Como ensayista universal, junto con reflexionar sobre Europa, le interesa el resto del mundo, que por entonces vieron a los EE.UU. fortalecidos por el triunfo ideológico y político, en tanto que Latinoamérica transitaba desde dictaduras militares a gobiernos democráticos. En el Pacífico, Japón, Corea del Sur y Taiwan ya dominaban la economía, pero mañana —escribe Paz — "también será la política" (p.43).

En su sentido de la historia, "asimilar el pasado, inclusive las derrotas, no es olvidarlo: es transcenderlo" (p. 51), y en la última parte del libro nos lleva a la reflexión sobre Latinoamérica. Se pregunta: "¿Tenemos derecho de reprochar a los otros sus inconsecuencias si nosotros no confesamos las nuestras?" La adversidad nos obligó a replegarnos en nosotros mismos y eso nos aisló empañando nuestra visión. "La geografía nos ha unido; la historia nos ha dividido; el mutuo interés puede reunirnos" (pp. 53-54).

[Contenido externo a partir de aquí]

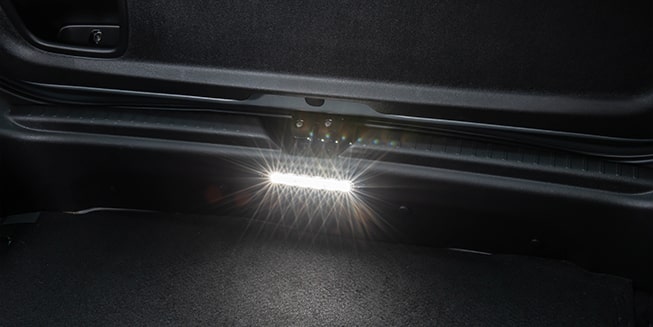 Iluminação auxiliar de porta-malas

Básicamente la invitación paceana es —a partir de la crónica vivida en esos años finales de los 80 y comienzos de los 90— a no dejarse obnubilar por la ceguera ideológica, que es más "poderosa que la física", a escoger entre una asociación o la soledad histórica. A no renegar de la tradición, sino a usarla de un modo creador, pues "modernizar no es copiar sino adaptar; injertar y no trasplantar. Es una operación creadora, hecha de conservación, imitación e invención" (p. 58).

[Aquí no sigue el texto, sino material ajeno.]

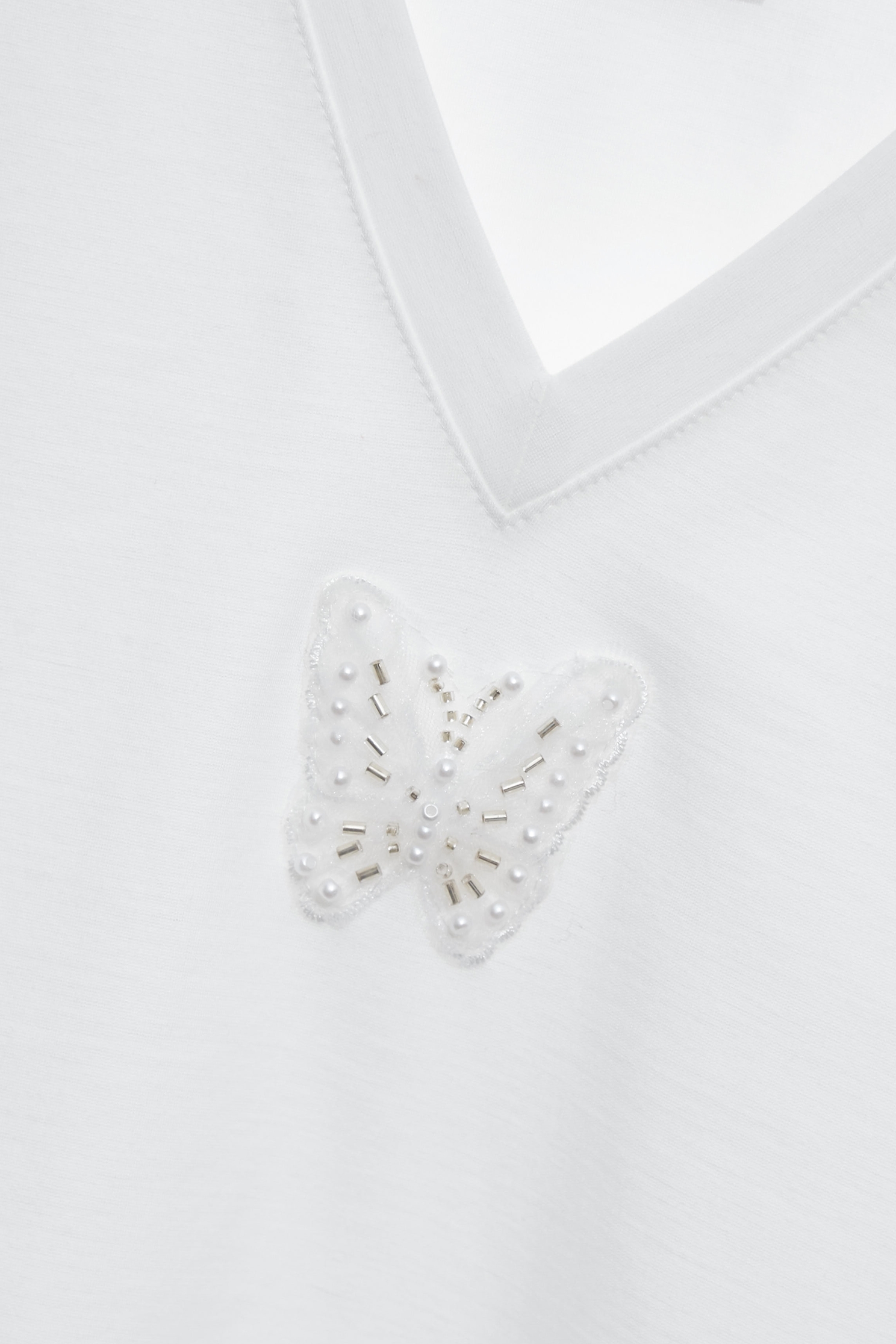 綴睫毛蕾絲袖Ｔ恤上衣綴睫毛蕾絲袖Ｔ恤上衣,上衣,春夏穿搭,白色上衣,蕾絲,蝴蝶結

En definitiva, a partir de la experiencia del derrumbe del socialismo real, hace un llamado a tener cuidado con el Estado y "devolver a la sociedad la iniciativa económica, limitar el estatismo y, en consecuencia, la proliferación burocrática. Renuncia al populismo, a la ineficacia y al despilfarro, no vuelta a un capitalismo salvaje como se ha dicho" (p. 59).

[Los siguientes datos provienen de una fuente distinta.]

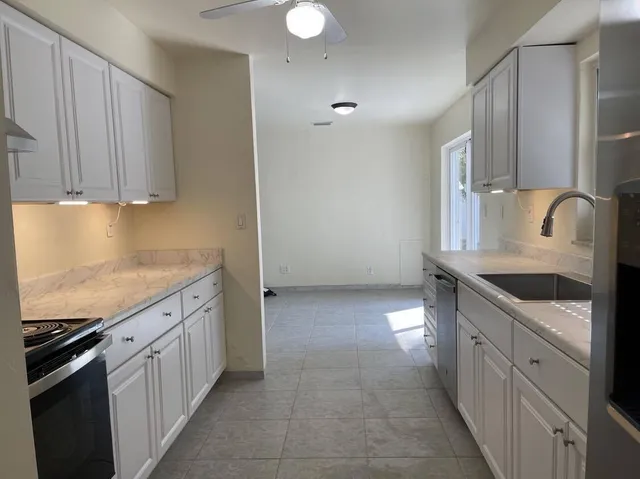 a kitchen with granite countertop a sink stove and cabinets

¿Por qué abordar este tema? Porque con una profunda visión de la realidad, afirma que si bien el Muro de Berlín cayó, no lo hizo el muro de los prejuicios intelectuales, al contrario, este resiste de manera intacta, de ahí que valga la pena rescatar, aunque sea en extenso su opinión sobre el Estado:

"el Estado justo no pretende suplantar a los verdaderos protagonistas del proceso económico: empresarios y trabajadores, comerciantes y consumidores. Una lógica rige a la actividad económica y otra a la política. Respetarlas es el comienzo del arte de gobernar. El Estado justo no es productor pero vela porque los productores —empresarios y trabajadores— realicen sus funciones en las mejores condiciones posibles y, dentro de los límites legales, con la mayor libertad. Tampoco es distribuidor: garantiza la libertad de comercio, protege a los consumidores y se esfuerza porque los distribuidores no engañen, abusen, roben o cometan otros excesos. El Estado justo no es omnipotente y muchas veces falla; lo reconoce y no castiga a sus críticos. No es omnisciente y se equivoca; sabe que el remedio está en el libre juego de las fuerzas sociales. Confía en el doble control del mercado y de la democracia. El mercado acaba por expulsar del circuito comercial a los productos caros y malos; la democracia no consiente por mucho tiempo los abusos y los fraudes. El Estado justo combate a los monopolios y entre ellos al mas injusto y menos productivo: el estatal" (pp.69-70).

La cita es larga, pero refleja la reflexión de entonces, de antes y ciertamente de la actualidad. Los socialismos reales cayeron, pero la discusión sobre el papel del Estado se mantiene.

Para el autor, "el Estado providencia nos ampara o nos apalea, según el humor el príncipe y el capricho de la hora. Así pasan los años y el Estado, la casa real, se puebla de escribanos, leguleyos, astrólogos y expertos en todas las ciencias y las artes. Su ocupación es hacer planes y planes que el viento arrasa hasta confundirlos con el polvo grisáceo del altiplano" (p. 75).

En definitiva, con la pequeña crónica de grandes días —y los acontecimientos que la inspiraron—, Paz nos retorna al individuo, a reclamar la iniciativa y propia manera de ser, una actitud que se basa en la costumbre, la moda y la conducta individual. "Nadie quiere ser otro; todos quieren, simplemente, ser" (p. 76). Nada más, y nada menos.